Two months ago, Texas looked ready to allow concealed handguns in college classrooms. Lawmakers lined up to sponsor a bill, pistol-packing Gov. Rick Perry supported it and gun control activists had all but conceded defeat.
Then students and administrators from the state's universities mobilized in opposition, swaying two Democratic lawmakers who had supported the bill. Without them, the bill's sponsor hasn't had enough support to get a vote in the state Senate. Two attempts in the past week have failed, and the measure is now struggling to survive in a state that usually embraces guns and their mythical connection to the old West.
The effort to allow concealed handgun license holders to bring their weapons into college classrooms turned into a national issue after a gunman killed 32 people at Virginia Tech in 2007, the largest mass shooting in modern U.S. history. Supporters said they wanted to give students a chance to shoot back.
But dozens of states — including Texas — rejected bills allowing concealed carry on campuses before Republicans swept elections in November and gave the measures new life. Arizona recently passed a bill allowing license holders to carry handguns on campuses, although not in classrooms.

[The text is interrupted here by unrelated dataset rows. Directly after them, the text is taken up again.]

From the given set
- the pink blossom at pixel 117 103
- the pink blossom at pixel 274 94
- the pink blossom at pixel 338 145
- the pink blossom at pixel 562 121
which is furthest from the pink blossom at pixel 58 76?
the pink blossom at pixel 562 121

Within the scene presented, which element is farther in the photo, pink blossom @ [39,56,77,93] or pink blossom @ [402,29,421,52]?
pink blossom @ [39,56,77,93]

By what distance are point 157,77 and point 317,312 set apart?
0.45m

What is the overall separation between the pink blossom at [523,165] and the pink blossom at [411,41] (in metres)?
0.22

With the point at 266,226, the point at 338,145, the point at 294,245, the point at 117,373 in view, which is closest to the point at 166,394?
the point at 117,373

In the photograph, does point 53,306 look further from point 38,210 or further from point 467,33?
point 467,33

Still, for supporters like the national group Students for Concealed Carry on Campus, Texas remains the big prize. Early signs the bill would pass there captured the attention of the international media, which could not resist the state's larger-than-life reputation and frontier image.

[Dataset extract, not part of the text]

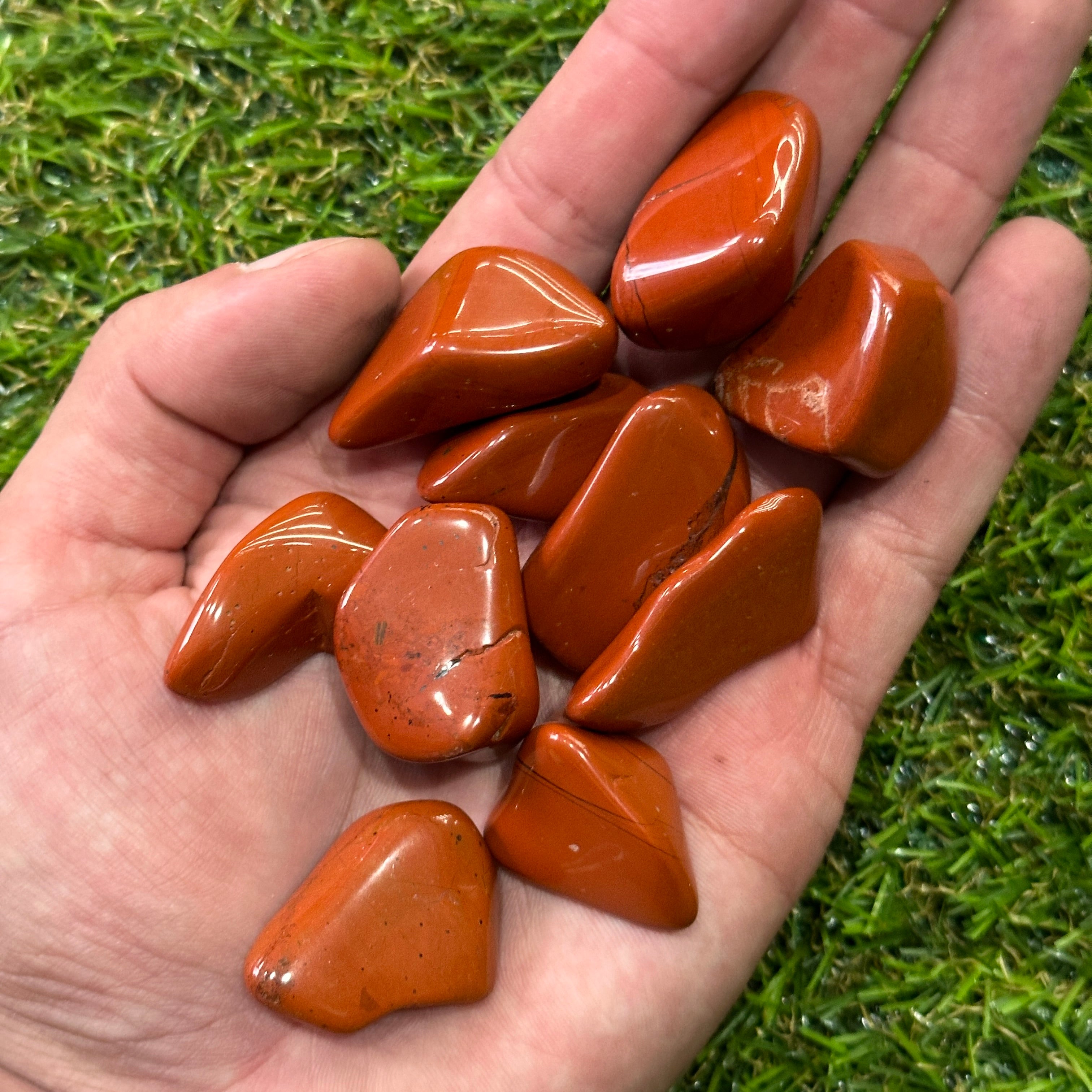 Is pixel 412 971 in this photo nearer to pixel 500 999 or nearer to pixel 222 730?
pixel 500 999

Texas is where concealed handgun license holders are allowed to skip metal detectors in the state Capitol, and Perry made headlines for shooting a coyote while out on a morning jog last year. State lawmakers are now considering a bill that would exempt them from bans on carrying guns into churches, sporting events and nursing homes.
Hearings on the measure were dominated by powerful testimony from supporters who had been raped or assaulted on campus and by opponents who survived the shootings at Virginia Tech and the University of Texas in 1966, when sniper Charles Whitman killed or wounded dozens of people.
Hundreds of current students turned out for Capitol rallies, saying they didn't want to take a test sitting next to someone who might be carrying a gun.
They got a big boost from the nine-campus University of Texas System when chancellor Francisco Cigarroa wrote a letter to Perry and lawmakers telling them college officials worry guns will lead to more campus violence and suicides.
Two Democrats who had supported the bill, Sen. Eddie Lucio of Brownsville and Sen. Mario Gallegos of Houston, withdrew their support last week.
Gallegos, whose district includes the University of Houston, said he has been swamped with "thousands" of calls over the past week from students and parents who oppose the bill. He said he also heard from college officials complaining they will face sharp increases in liability insurance.
"I lost sleep over this," Gallegos said. "I've come to that reality with my community: They don't want guns on campus."
Lucio withdrew his support last week, accusing bill sponsor Sen. Jeff Wentworth of going back on a promise to give him more time to talk with officials at UT-Brownsville in his district. The university wants to exempt college campuses that have grade schools, a change Wentworth said he won't accept.
Senate rules require a bill to have the support of 21 senators in the 31-member chamber just to come up for a vote. Without the two Democrats, Wentworth is at least one vote short, but he vowed Tuesday to be aggressive in trying to pass the bill.
The slim margin has set up the likelihood of political gamesmanship over the next few weeks. The 21-vote rule is really a two-thirds rule. If Wentworth sees opponents are out sick or attending business outside of the chamber and the numbers are in his favor, he could try to call it up for a vote without warning.
"I'm here," Wentworth warned. "All the time."